For many kiwi companies, financial year is rapidly approaching and CEO’s wanting to improve end of year results will be looking to pull levers. For many, un-spent marketing funds will be high on the cost cutting agenda.
This is often the result of the CEO’s perception that it is sales who create revenue, and marketing is a supporting cost centre.
By taking responsibility for revenue and shifting the numbers you report to senior execs, you can successfully change this perception and shift marketing from a black hole of costs to the centre of growth.
Does your marketing reporting focus on the number of leads passed to sales, views and impressions of advertisements, website traffic stats, social media followers or trade show booth visitors?

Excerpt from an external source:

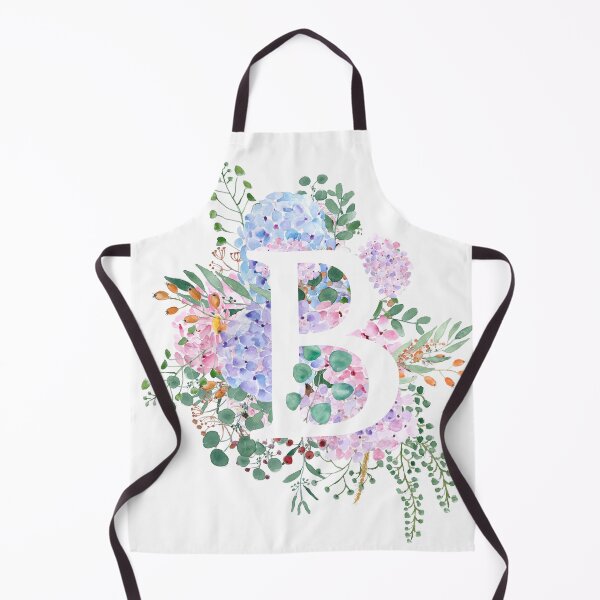 Item preview, botanical monogram alphabet B hydrangea flowers hand painted designed and sold by ColorandColor.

If yes, you are focusing on marketing activities – and not revenue-impacting metrics!
No this – just because you can count it, don’t presume it carries value with the big cheese.
Many marketers continue to use these legacy metrics that measure tactics for specific stages of the buying cycle. In realty, they’re just pieces of the puzzle. Each bit does its job, but it’s the final result that matters.
Shift your focus to think about your business unit as a revenue business centre as opposed to a cost centre.
CEOs are notoriously short on time. Their primary concern is revenue and growth.
Those legacy stats you’ve been sending your CEO? They might be important to you, but to them, they’re just colouring in for adults. They don’t help them to do their job and certainly won’t help them to report up to a board or shareholders.
Start building your revenue cycle model today, so you can provide your CEO with predictable metrics that will give him or her confidence.
Focus your model on these 4 areas;
- Leads: Increase in sales qualified or sales ready leads. These are pre-qualified by marketing and handed over to sales. Establish multi-touch attribution to tell you which campaigns best qualified the prospect and how many campaigns influenced a particular opportunity.
- Opportunities: Increase in sales velocity or speed of conversion. Effectively qualified opportunities will close fast! Use your CRM to pull your opportunity data and the deal value to give you the calculation.
- Pipeline: Highlight marketings impact on the pipeline by calculating the number of new customers or deals won with marketing engagement.
- Revenue: Highlight marketings impact on revenue through attribution. In your technology stack set up your reporting to show you your channel, your campaign name, how much it cost, the amount of revenue won and it’s ROI
But, don’t end up in a battle with sales for the leads, who generates the lead doesn’t actually matter, the stats clearly say that prospects are 60-70% of the way through the sale cycle before they even engage with a sales rep. Prior to engagement, they are out there attending events, searching the web, consuming content, speaking to peers. It doesn’t actually matter who gets the credit for generating the lead, it is more about collaboration with sales rather than wasting time fighting over credit. Your CEO wants to see numbers, and is less interested in who got them, so focus on moving forward together to engage a prospect to produce revenue. Regardless of the sales relationship (i.e. I know the prospect personally) the buyer will always spend time evaluating options through research.
The metrics that matter are those that drive the alignment of sales and marketing, which in turn drives business.
Here is a list of ingredients to help you build a sales and marketing revenue cycle model
- Bi-Directional synch with your MAP and CRM to pull opportunity data.
- Define your lead lifecycle. Once leads come into your funnel, how will they move across your buyer stages?
- Start by outlining your definitions, i.e. MAL, MQL, SQL, SAL, etc and model your forward looking projections. Definitions provide the predictable outcomes CEO’s need for forecasting and decision making – “I can predict what my business will look like a year into the future”.
- Assign a value to all of your campaigns. Tag the costs to every single campaign.
- Measure the velocity of your sales cycle. How long did it take to go from SQL to win?
- Know your companies average contract or deal size.
- Measure your lead conversion rate. What’s your percentage of leads going from MAL to SQL.
Mapping out your revenue cycle model will help you to track all of the stages so you can actually measure your conversion ratios.
Here’s an example of a standard Marketo revenue lifecycle model. This is a basic sample, but can always be tweaked to your specific needs! We will post more on building a revenue cycle model in future blogs.
To recap, report to identify your leads, how they have accelerated the pipeline and the impact they have had on revenue. In summary, remember these three rules;
- Tactics matter more to you; Strategy to the CEO
- Measure pipeline, opportunities, sales, revenue
- What’s important to sales is important to the CEO
Make setting up your revenue cycle model your goal and start to work towards this as your outcome. It will take time, however setting this reporting up correctly will get you the seat at the table with the CEO and that’s a satisfying reward for your time and effort. Get all of this going and you’ll find the conversation will quickly move from ‘where can we cut your budget’ to ‘how much growth can you achieve if we spend more?’